“star stuff* [*and then some]: essays at the intersection of science and faith” is now available at the Kindle Store

I am pleased (and maybe a little proud) to announce the publication of my second Kindle book, a collection of essays titled star stuff* [*and then some]: essays at the intersection of science and faith.  This work represents a group of essays that attempt to bring together the logic and practice of science skills to religious themes, while remaining true to a core of Christian faith.  

This effort has been a labor of love, including a love of learning, a love of nature, and a love for the author of it all.  I must be true to the evidence I see in all realms or suffer the bleak misfortune of being intellectually dishonest.  The following excerpt is taken from chapter 1, and sets the stage for the succeeding essays.  If you find this interesting, I invite you to follow the link at the right to learn more about star stuff*.    

Life, or what we know of it so far, is indeed a wondrous thing.  The person of faith exults with praise to its creator.  That there are those among people of faith who can observe it and not want to know why it works or know more about any and every aspect of it is odd to me: learning more reveals the mind of God. The scientist wants nothing more than to understand.  That there are those among scientists who can observe its complexity and not be in awe is also puzzling to me. 

For a moment, consider a purely naturalistic view of everything.  According to Stephen Hawking, the universe is, it exists because of gravity.  Perhaps it is overly simplistic, but the complex interplay of matter and energy happened because gravity exists.  Hawking declared God redundant when he made this pronouncement.

 That’s all well and good, but from a purely naturalistic perspective, the story is never complete. I have no problem with a Big Bang.  It makes good sense.  But I do have trouble with why.  And from what.  That pesky one step back from what can be extrapolated, that question of first cause, is the fly in the ointment, at least to me.  It is impossible to answer that by science.  And the science side of me is annoyed by that.

 But I accept that there is indeed more in heaven and earth than is dreamt of in the naturalistic philosophy of science.  I believe there is more to life than can be experienced by the senses.  It is not measurable by scale or ruler.
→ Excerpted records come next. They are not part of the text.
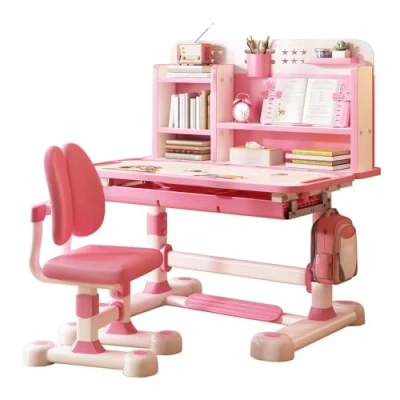 Image of Qiebenav Premium Kids Study Desk Chair Set, Height Adjustable Children School Table Ergonomic with Large Writing Board, Bookshelf and Drawer Pink Tilt Correction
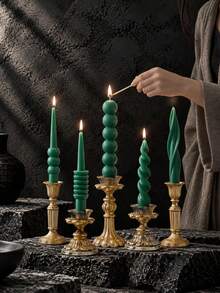 1pc Dark Green Long Taper Candle, Spiral Wave Artistic Design, Multiple Designs Available, Suitable For Christmas Home Decor, Holidays, Autumn Home Decoration, Wedding Decor, Candlelight Dinner, Party, Living Room Tabletop Display And Holiday Gifts - Multiple Styles - View 2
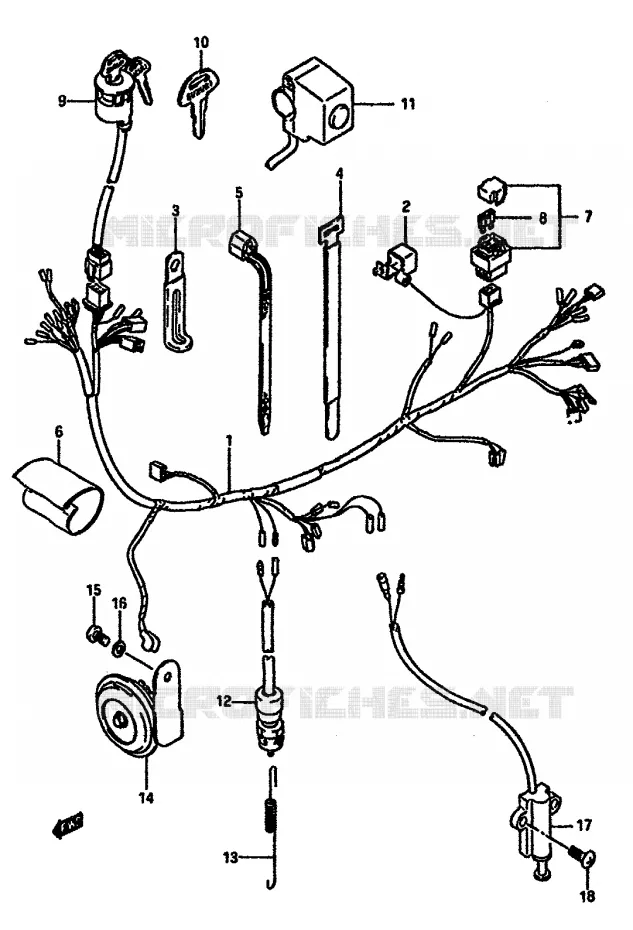FAISCEAU ELECTRIQUE Suzuki MOTO 600 DR 1989  DR600SK(E2)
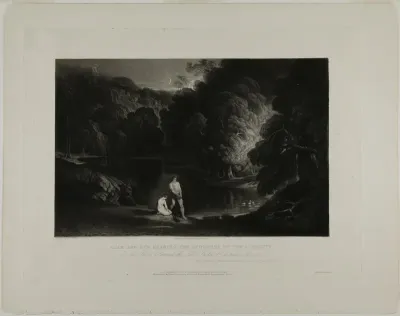 Adam and Eve Hearing the Judgement of the Almighty, from Illustrations of the Bible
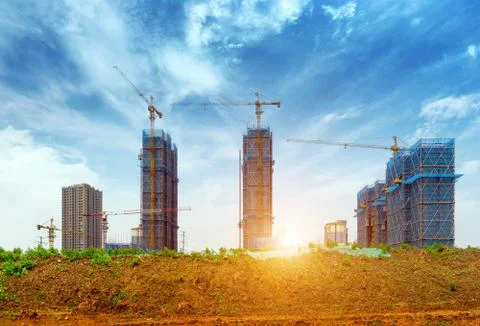 Skyscraper construction site Stock Photos
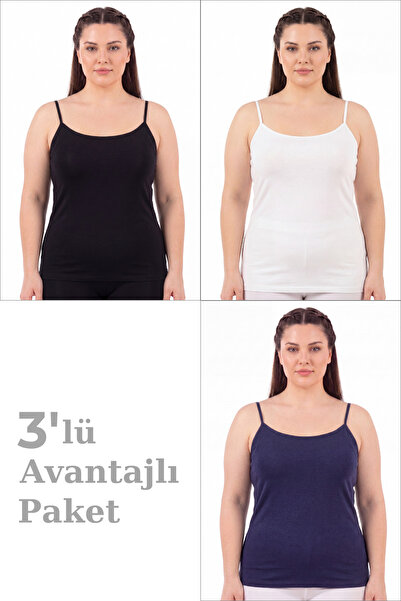 Arma Yıldız Tricou cu bretele din bumbac Lycra pentru femei, mărime mare, țes...
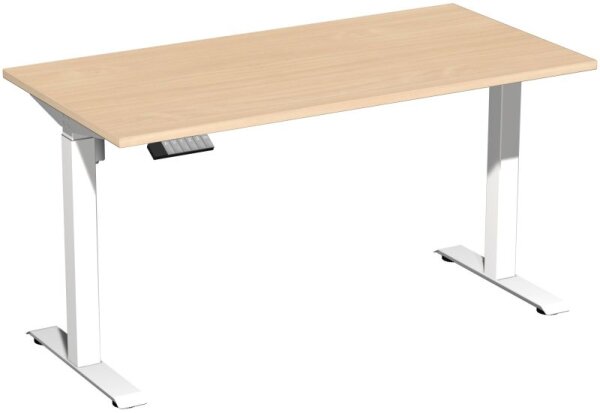 Elektro-Hubtisch höhenverstellbar, 1400x700x740-1175, Buche/Weiß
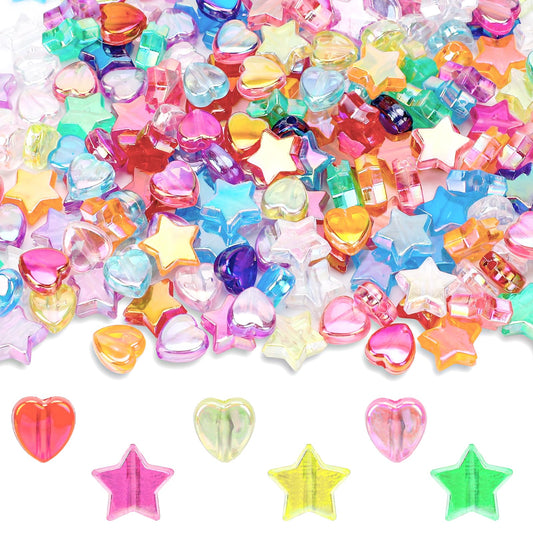 200Pcs Acrylic Star and Heart Shape Beads,Acrylic Beads Crystal Star Beads Heart Beads for Jewelry Colorful Acrylic Beads for DIY Craft Making Necklace Bracelet Supplies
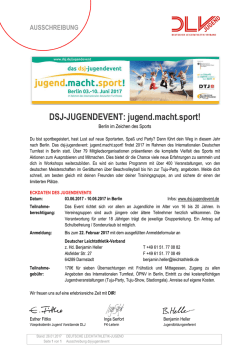 DSJ-JUGENDEVENT: jugend.macht.sport!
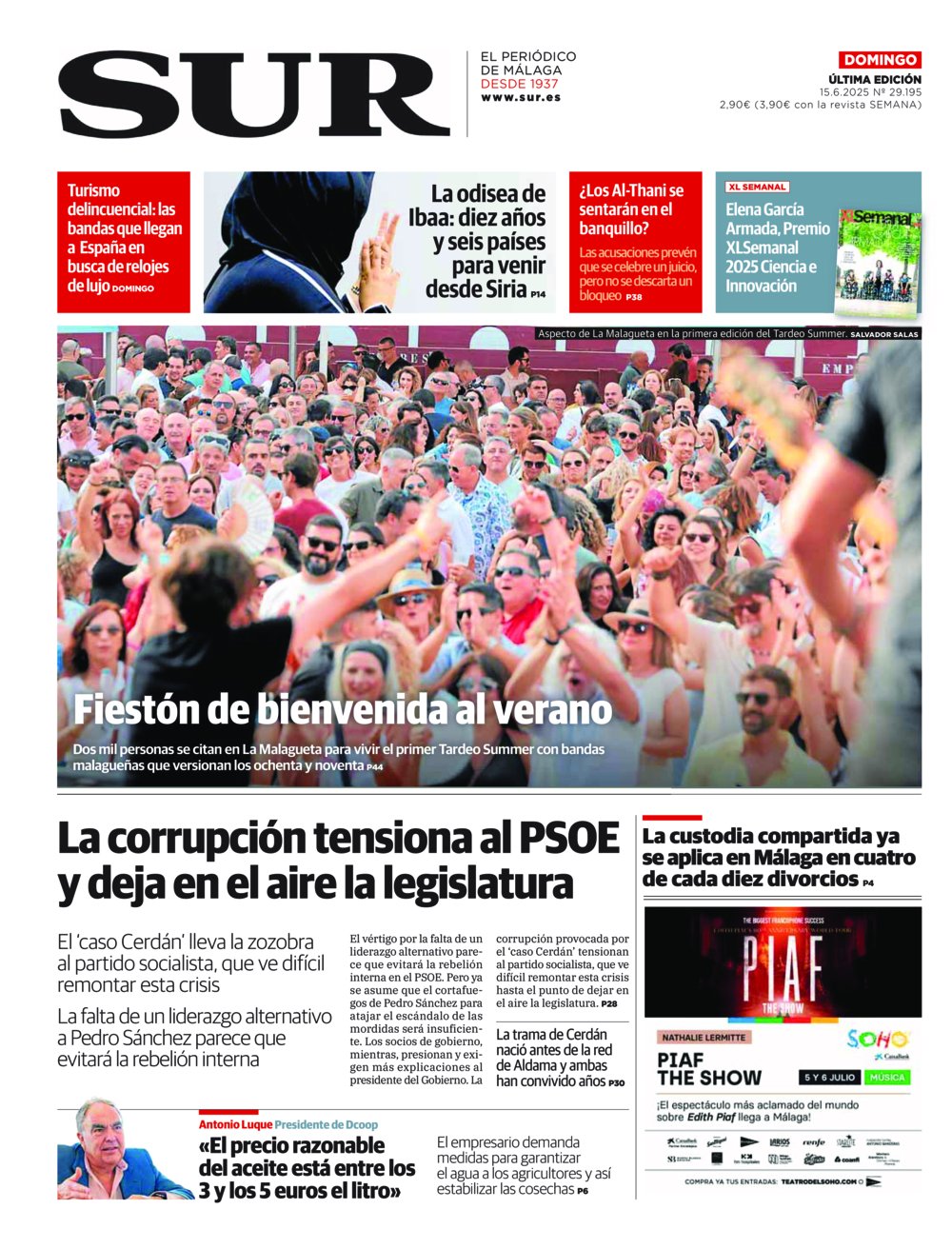 Portada de SUR, 15 de Junio de 2025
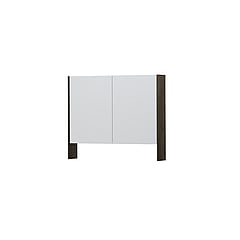 INK SPK3 spiegelkast met 2 dubbel gespiegelde deuren, open planchet, stopcontact en schakelaar 90 x 14 x 74 cm, fineer charcoal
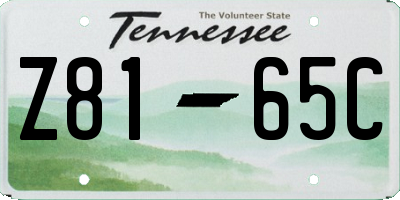 TN license plate Z8165C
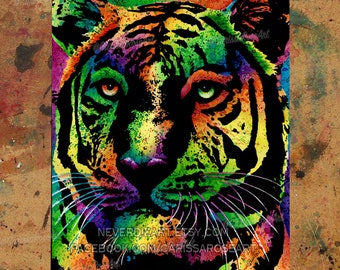 Art Print | Tiger | Colorful Rainbow Pop Art Tiger Illustration | 5x7, 8x10, 10.5x13.8, or 11x17 inch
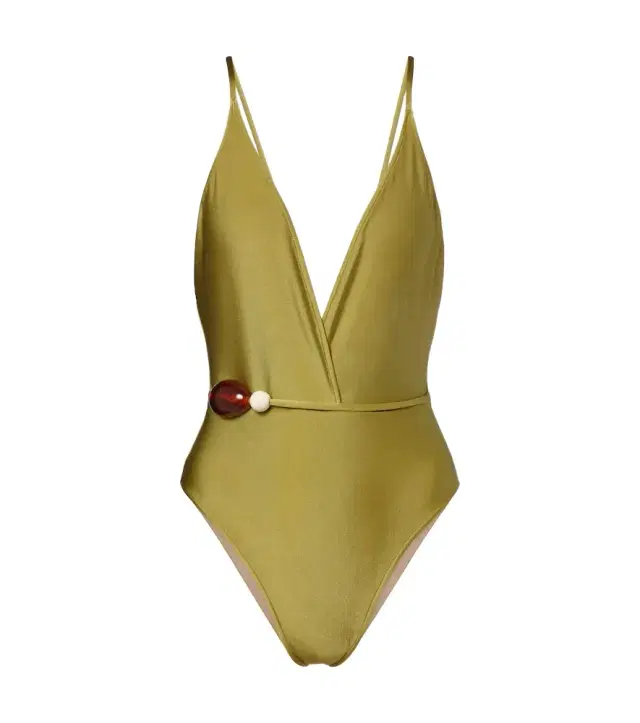 Belted embellished swimsuit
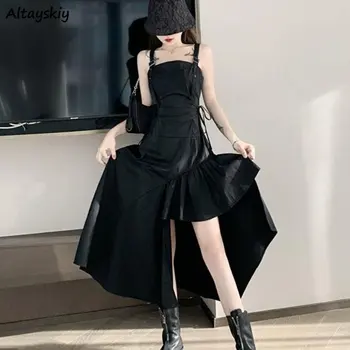 Kolsuz Elbise Kadın Asimetrik Tasarım Şık Streetwear Yeni Moda İnce Yaz Vestidos Kore Ulzzang Tarzı Y2k Gotik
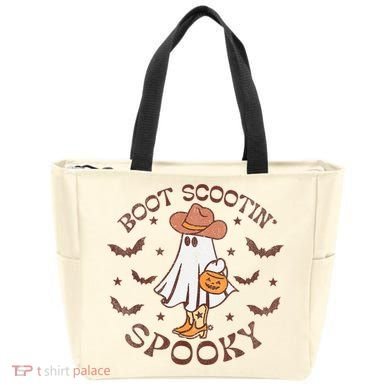 Boot Scootin Spooky Western Halloween Retro Fall Halloween Tote Bag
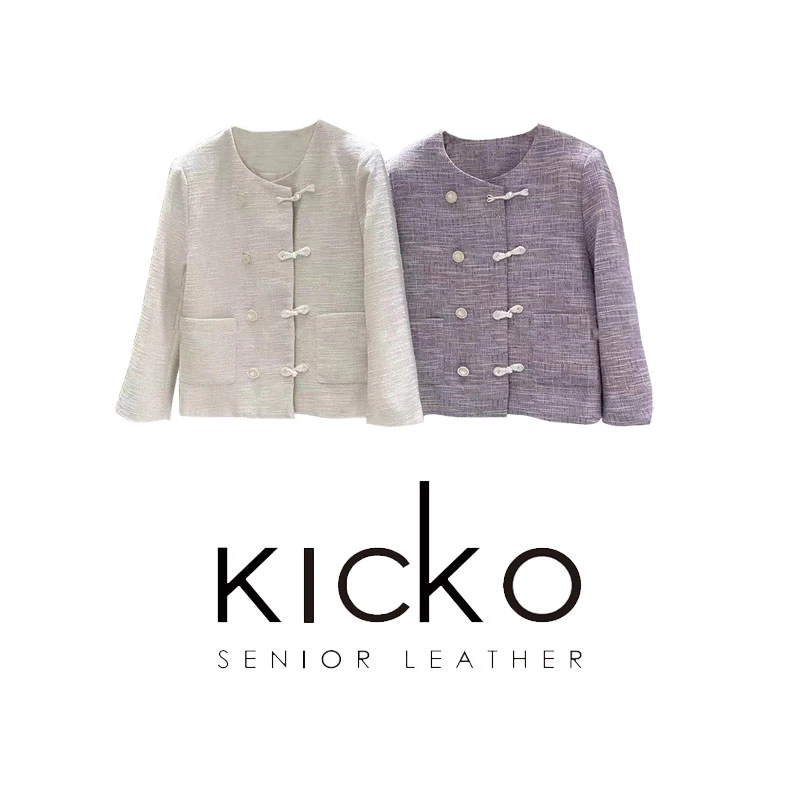 KICKO 秋季新款复古盘扣圆领九分袖温柔风时尚短外套22AWdw031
It is not observable by the most powerful microscope or telescope.  The more I firmly believe in and accept simply is.  If gravity is Hawking’s creative force, in a sense his god, mine is more.  My God is more complex.  More intelligent.  More responsive.  More compassionate.  More forgiving.  More merciful. 

 More.

 I have no scientific evidence for any of it, despite the volumes written professing to “prove” the existence of God.  But my sense of wonder is not confined to the physical.  Beyond nature is a realm vaster than the universe.  It is a reality beyond the physical, which has been variously characterized, but generally considered to be that of the spiritual.  The physical and spiritual are by no means at odds with each other.  They are complementary in every way.  Each supports and refines and clarifies its counterpart.  The trick is in knowing how to listen to each.  It is in knowing that each realm is the palette and playground of a boundless God.  He is greater than our theories, but welcomes our investigations.  He is beyond our dogmas, but welcomes our exploration.  To me, life is a journey of discovery in both worlds, a balancing of what can be observed in the physical realm with spiritual truths that can only be known by faith. 

 The greater wonder is in celebrating both.  To dismiss either is to lose a dimension, an integral piece of the puzzle of existence.  We are more than atom and molecule, flesh and bone, breath and blood.  We are star stuff and then some: we are the image of the one who conceived those stars.